**Instructions for the task**: Only the lines from the one containing "Cornish Rex — Crouching Pose — thumbnail 1" to the end of the records should be given again, word for word and in full.

Caption-style text data

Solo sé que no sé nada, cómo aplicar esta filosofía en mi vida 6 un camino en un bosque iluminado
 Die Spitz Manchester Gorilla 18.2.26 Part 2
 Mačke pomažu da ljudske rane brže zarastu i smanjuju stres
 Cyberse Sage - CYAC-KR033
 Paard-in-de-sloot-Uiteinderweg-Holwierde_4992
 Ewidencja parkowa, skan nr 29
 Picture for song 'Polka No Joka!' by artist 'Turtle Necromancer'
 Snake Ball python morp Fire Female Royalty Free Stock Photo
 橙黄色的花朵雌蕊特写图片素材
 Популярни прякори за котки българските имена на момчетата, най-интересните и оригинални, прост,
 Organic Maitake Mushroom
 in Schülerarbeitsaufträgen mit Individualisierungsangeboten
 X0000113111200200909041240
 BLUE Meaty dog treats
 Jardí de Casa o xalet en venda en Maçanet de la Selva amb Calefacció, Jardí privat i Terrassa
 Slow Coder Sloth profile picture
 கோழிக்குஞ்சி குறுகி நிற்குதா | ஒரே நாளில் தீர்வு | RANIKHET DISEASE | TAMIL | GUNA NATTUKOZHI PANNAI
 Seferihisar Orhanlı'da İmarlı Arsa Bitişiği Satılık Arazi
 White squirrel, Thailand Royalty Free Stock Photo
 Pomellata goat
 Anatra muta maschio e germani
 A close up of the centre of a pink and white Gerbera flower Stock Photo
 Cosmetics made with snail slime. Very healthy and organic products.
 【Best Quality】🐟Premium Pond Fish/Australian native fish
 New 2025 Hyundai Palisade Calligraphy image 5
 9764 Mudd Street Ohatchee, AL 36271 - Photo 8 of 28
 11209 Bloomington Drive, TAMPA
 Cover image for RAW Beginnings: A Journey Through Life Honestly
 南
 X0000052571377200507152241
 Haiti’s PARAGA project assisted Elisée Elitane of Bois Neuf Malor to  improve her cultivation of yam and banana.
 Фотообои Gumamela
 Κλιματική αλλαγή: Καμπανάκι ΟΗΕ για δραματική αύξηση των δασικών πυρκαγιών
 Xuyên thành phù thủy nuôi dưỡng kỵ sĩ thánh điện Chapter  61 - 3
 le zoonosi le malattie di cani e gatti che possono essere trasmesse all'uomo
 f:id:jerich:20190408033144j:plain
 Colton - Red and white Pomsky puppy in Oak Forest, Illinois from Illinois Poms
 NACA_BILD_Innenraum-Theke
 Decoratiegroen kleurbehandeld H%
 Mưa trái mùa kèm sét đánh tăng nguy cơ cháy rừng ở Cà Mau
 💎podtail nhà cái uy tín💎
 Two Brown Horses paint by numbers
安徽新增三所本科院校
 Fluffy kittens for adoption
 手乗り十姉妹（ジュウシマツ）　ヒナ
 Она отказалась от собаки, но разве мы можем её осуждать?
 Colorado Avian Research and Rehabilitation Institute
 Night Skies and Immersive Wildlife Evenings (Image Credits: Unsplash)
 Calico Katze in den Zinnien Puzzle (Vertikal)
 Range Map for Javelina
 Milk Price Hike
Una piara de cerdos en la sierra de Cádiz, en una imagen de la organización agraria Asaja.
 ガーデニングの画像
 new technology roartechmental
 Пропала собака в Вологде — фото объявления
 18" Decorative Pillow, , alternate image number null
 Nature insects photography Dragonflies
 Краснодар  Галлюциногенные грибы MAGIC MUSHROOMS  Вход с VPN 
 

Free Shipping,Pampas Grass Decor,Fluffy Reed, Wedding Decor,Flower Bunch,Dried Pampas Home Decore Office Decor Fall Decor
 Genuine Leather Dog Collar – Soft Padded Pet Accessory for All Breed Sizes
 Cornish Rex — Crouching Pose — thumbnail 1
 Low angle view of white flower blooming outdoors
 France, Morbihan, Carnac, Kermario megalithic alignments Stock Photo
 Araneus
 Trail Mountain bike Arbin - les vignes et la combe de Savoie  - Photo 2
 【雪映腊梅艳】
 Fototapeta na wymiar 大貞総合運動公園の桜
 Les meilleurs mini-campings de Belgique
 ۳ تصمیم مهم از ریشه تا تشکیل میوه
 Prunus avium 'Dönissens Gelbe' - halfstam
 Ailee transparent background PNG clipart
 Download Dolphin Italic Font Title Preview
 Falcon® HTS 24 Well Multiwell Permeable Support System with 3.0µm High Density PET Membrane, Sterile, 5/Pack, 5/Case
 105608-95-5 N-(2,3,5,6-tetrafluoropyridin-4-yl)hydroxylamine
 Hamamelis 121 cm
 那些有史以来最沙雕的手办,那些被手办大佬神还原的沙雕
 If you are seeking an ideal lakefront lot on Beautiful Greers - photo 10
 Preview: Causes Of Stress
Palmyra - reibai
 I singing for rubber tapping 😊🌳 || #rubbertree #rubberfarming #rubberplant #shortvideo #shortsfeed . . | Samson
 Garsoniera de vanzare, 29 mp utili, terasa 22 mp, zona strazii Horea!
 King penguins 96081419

**Reply**:
 Cornish Rex — Crouching Pose — thumbnail 1
 Low angle view of white flower blooming outdoors
 France, Morbihan, Carnac, Kermario megalithic alignments Stock Photo
 Araneus
 Trail Mountain bike Arbin - les vignes et la combe de Savoie  - Photo 2
 【雪映腊梅艳】
 Fototapeta na wymiar 大貞総合運動公園の桜
 Les meilleurs mini-campings de Belgique
 ۳ تصمیم مهم از ریشه تا تشکیل میوه
 Prunus avium 'Dönissens Gelbe' - halfstam
 Ailee transparent background PNG clipart
 Download Dolphin Italic Font Title Preview
 Falcon® HTS 24 Well Multiwell Permeable Support System with 3.0µm High Density PET Membrane, Sterile, 5/Pack, 5/Case
 105608-95-5 N-(2,3,5,6-tetrafluoropyridin-4-yl)hydroxylamine
 Hamamelis 121 cm
 那些有史以来最沙雕的手办,那些被手办大佬神还原的沙雕
 If you are seeking an ideal lakefront lot on Beautiful Greers - photo 10
 Preview: Causes Of Stress
Palmyra - reibai
 I singing for rubber tapping 😊🌳 || #rubbertree #rubberfarming #rubberplant #shortvideo #shortsfeed . . | Samson
 Garsoniera de vanzare, 29 mp utili, terasa 22 mp, zona strazii Horea!
 King penguins 96081419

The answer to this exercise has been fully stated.